### Action item
The copy you give must match the lines from the top of the data through the line containing "指先だけでイッちゃった！？小悪魔スキンシップは超過激(2)" exactly, and it must hold no pictures.

### Record excerpts

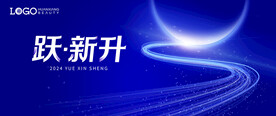 KV 科技 未来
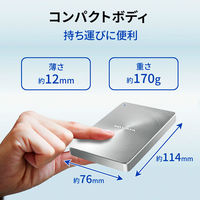 ＵＳＢ　３．１　Ｇｅｎ１　ＴｙｐｅーＣ対応　ポータブルハードディスク「カクうす」　１．０ＴＢ　シルバー HDPX-UTC1S（直送品）
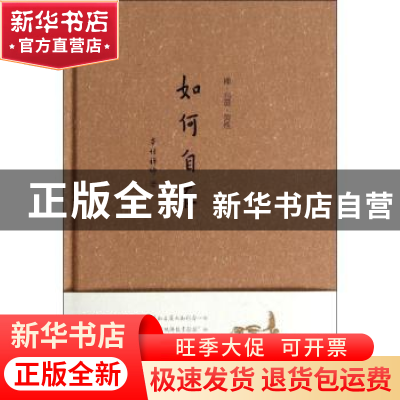 正版 如何自在 本性禅师著 中国人民大学出版社 9787300187587 书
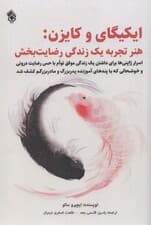 ایکیگای و کایزن (اسرار ژاپنی‌ها برای داشتن 1 زندگی موفق توام با حس رضایت درونی)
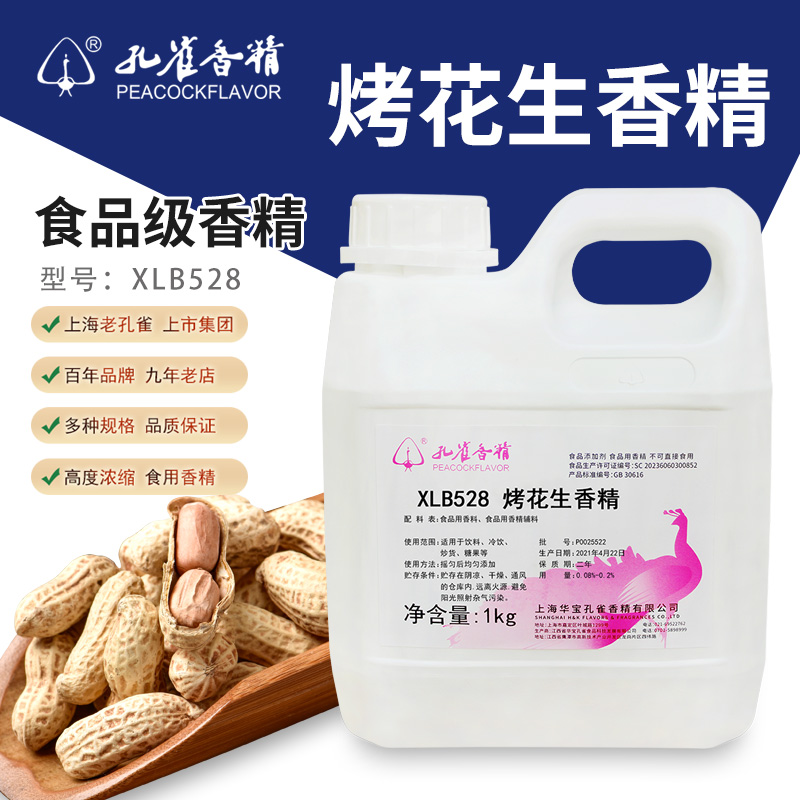 上海孔雀烤花生香精XLB528油性耐高温饼干糖果调和油食用香精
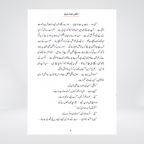 Anokhi Khushkhabri Darrusalam Qasas ul Anbiya product view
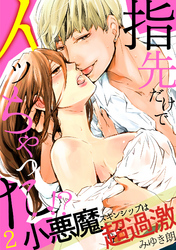 指先だけでイッちゃった！？小悪魔スキンシップは超過激(2)
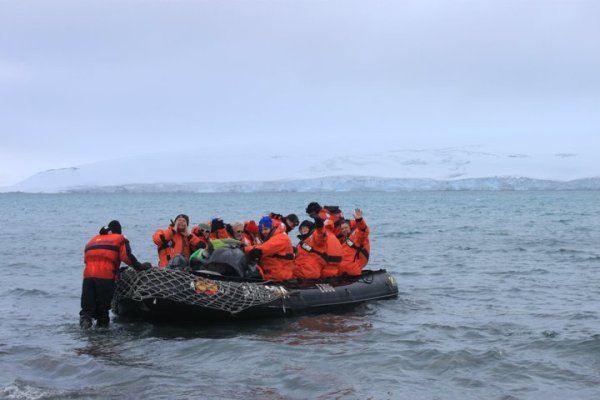 Снимка: Български антарктически институт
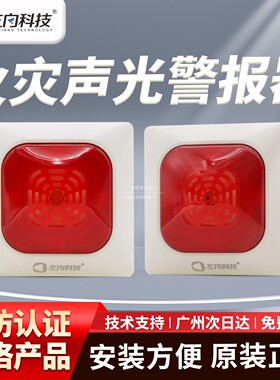 原厂左向声光Z-1150火灾声光警报器 左向声光警报器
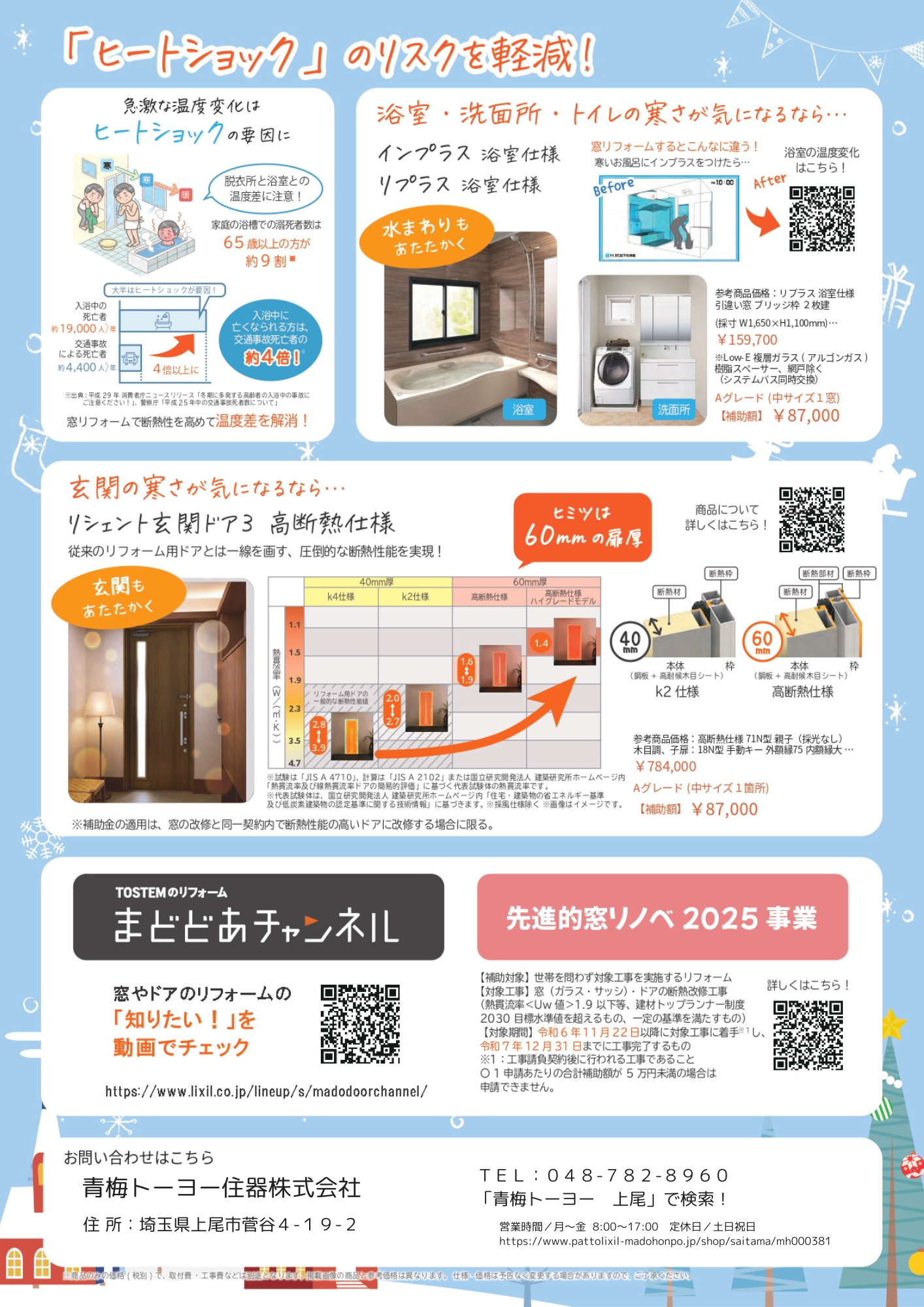 先進的窓リノベ２０２５　この冬、補助金を使ってお得に窓リフォームしませんか！ 青梅トーヨー住器 上尾店のイベントキャンペーン 写真3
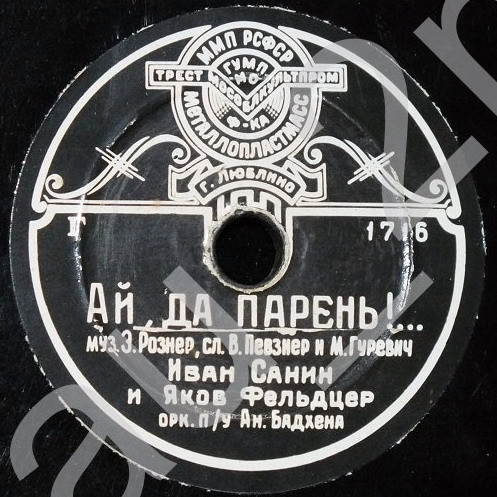 Ким Рыжов — Парень с Петроградской стороны // И. Санин и Я. Фельдцер — Ай, да парень!...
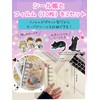 Nijiiro sky Seal Notebook, Transparent, Girls, Removable Binder, Clear Binder,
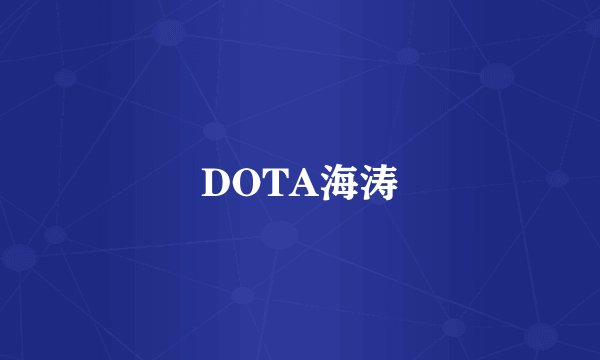 DOTA海涛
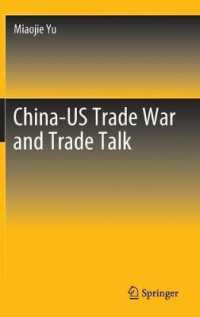 米中貿易戦争と貿易交渉<br>China-US Trade War and Trade Talk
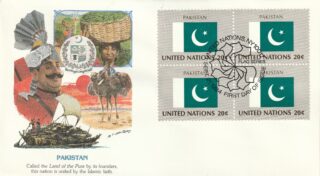 1984 United Nations New York #426 Flag of Pakistan FDC
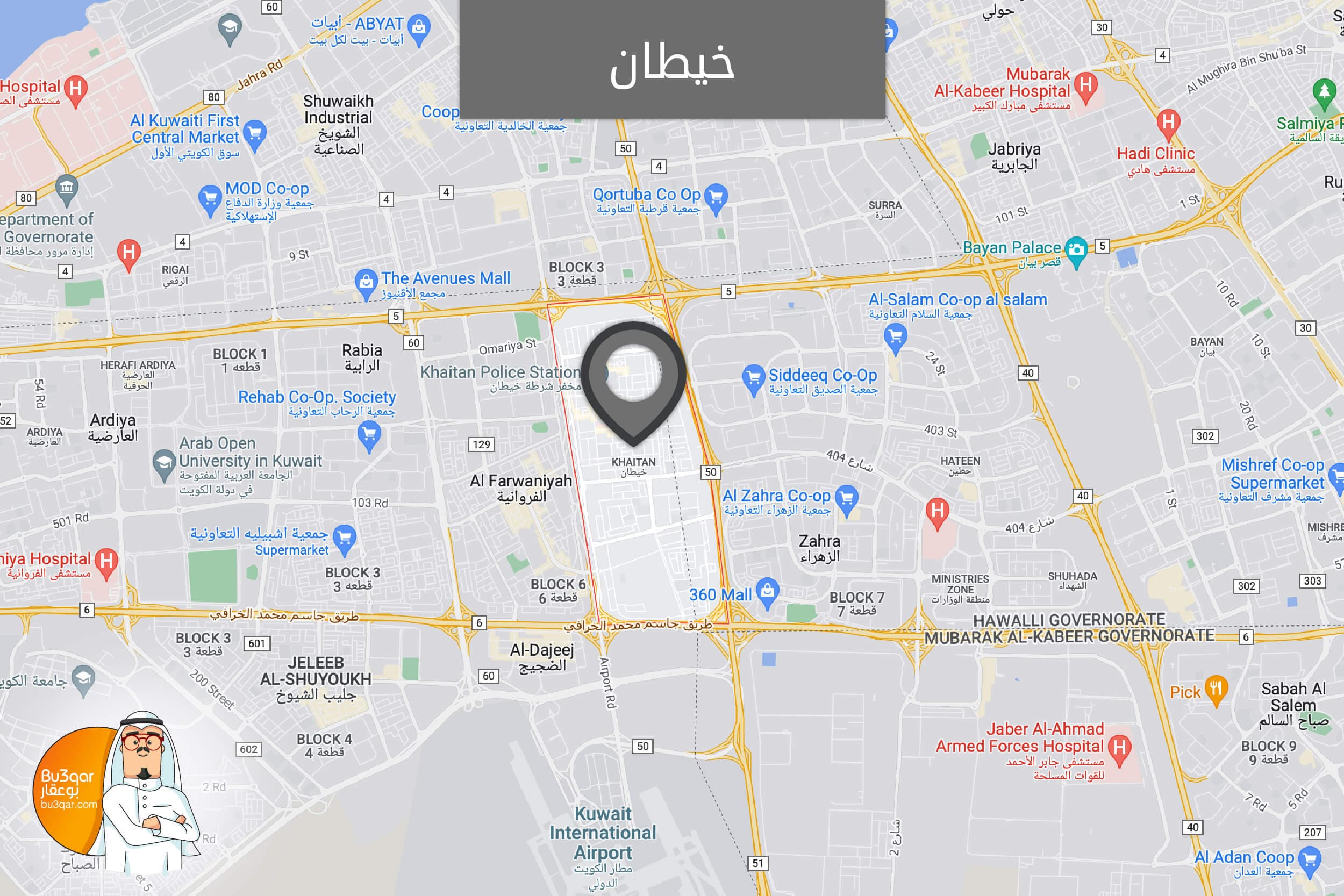 للايجار شقة ثلاث غرف في خيطان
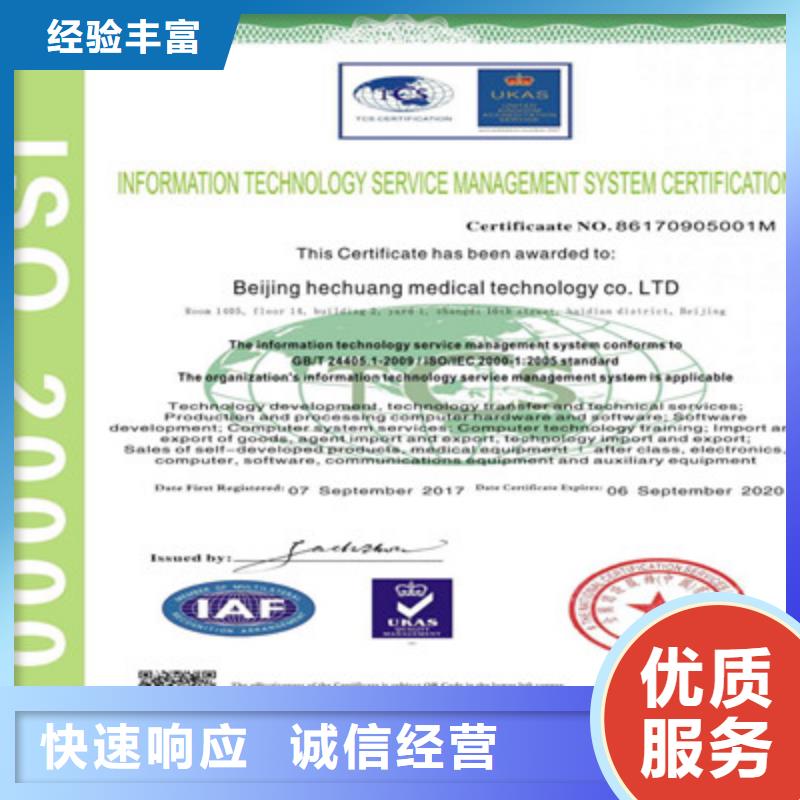 ISO9001质量管理体系认证售后保障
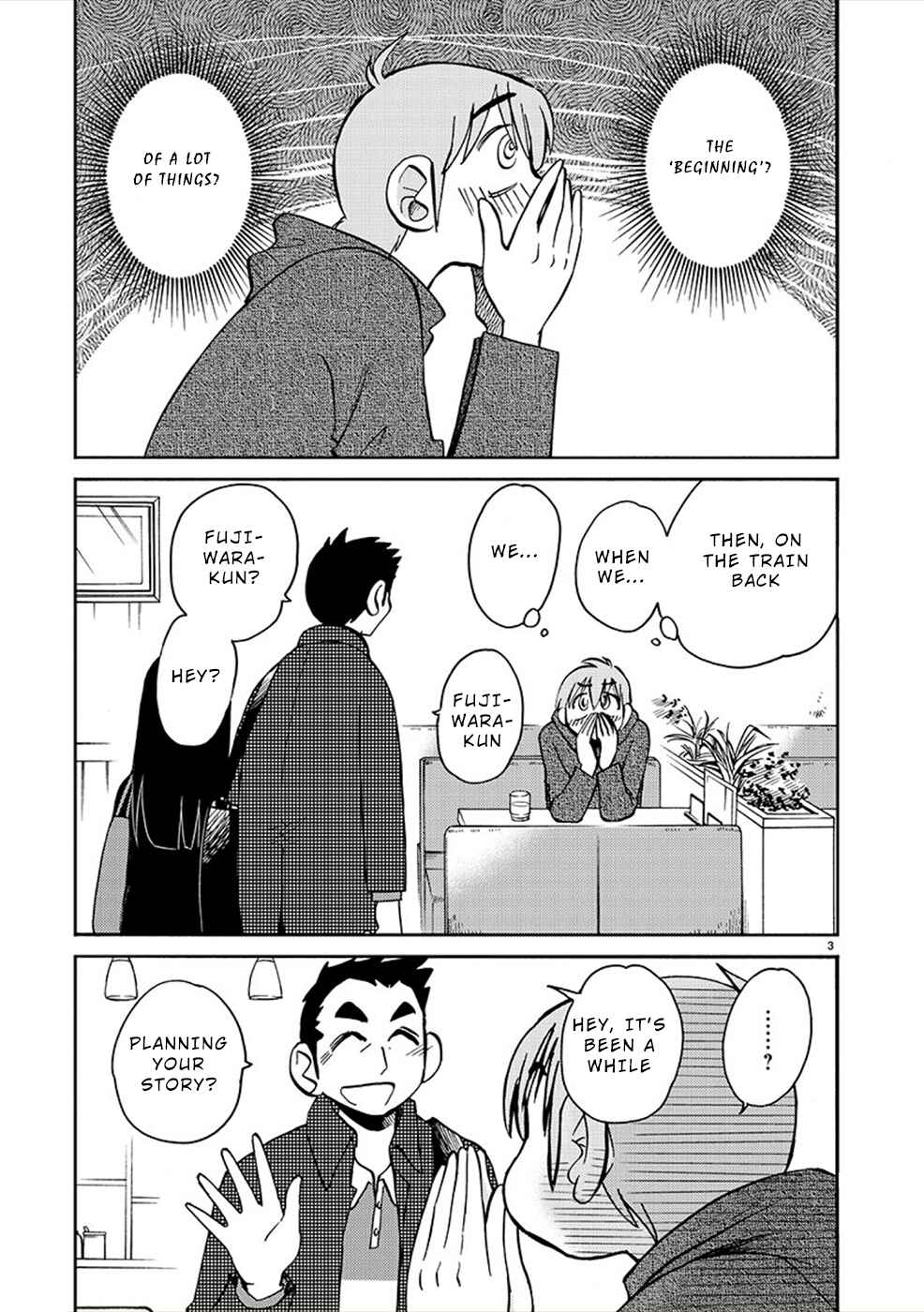 Chapter 81 - Page 3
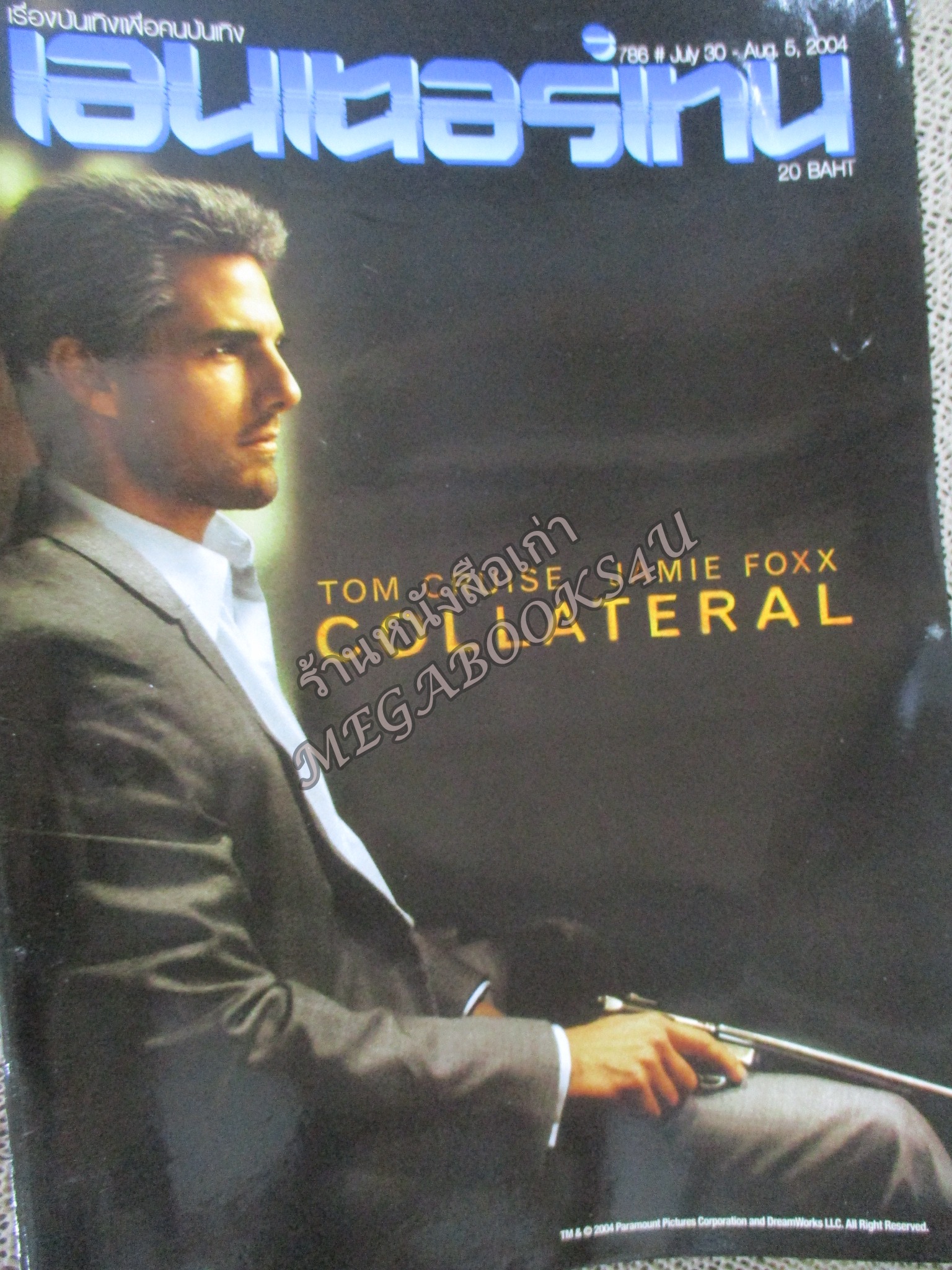 นิตยสารเอนเตอร์เทน Entertain ฉบับที่0786 ปี2547 ปก collateral หน้ากลาง catwoman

### Answer area
 KV 科技 未来
 ＵＳＢ　３．１　Ｇｅｎ１　ＴｙｐｅーＣ対応　ポータブルハードディスク「カクうす」　１．０ＴＢ　シルバー HDPX-UTC1S（直送品）
 正版 如何自在 本性禅师著 中国人民大学出版社 9787300187587 书
 ایکیگای و کایزن (اسرار ژاپنی‌ها برای داشتن 1 زندگی موفق توام با حس رضایت درونی)
 上海孔雀烤花生香精XLB528油性耐高温饼干糖果调和油食用香精
 Anokhi Khushkhabri Darrusalam Qasas ul Anbiya product view
 指先だけでイッちゃった！？小悪魔スキンシップは超過激(2)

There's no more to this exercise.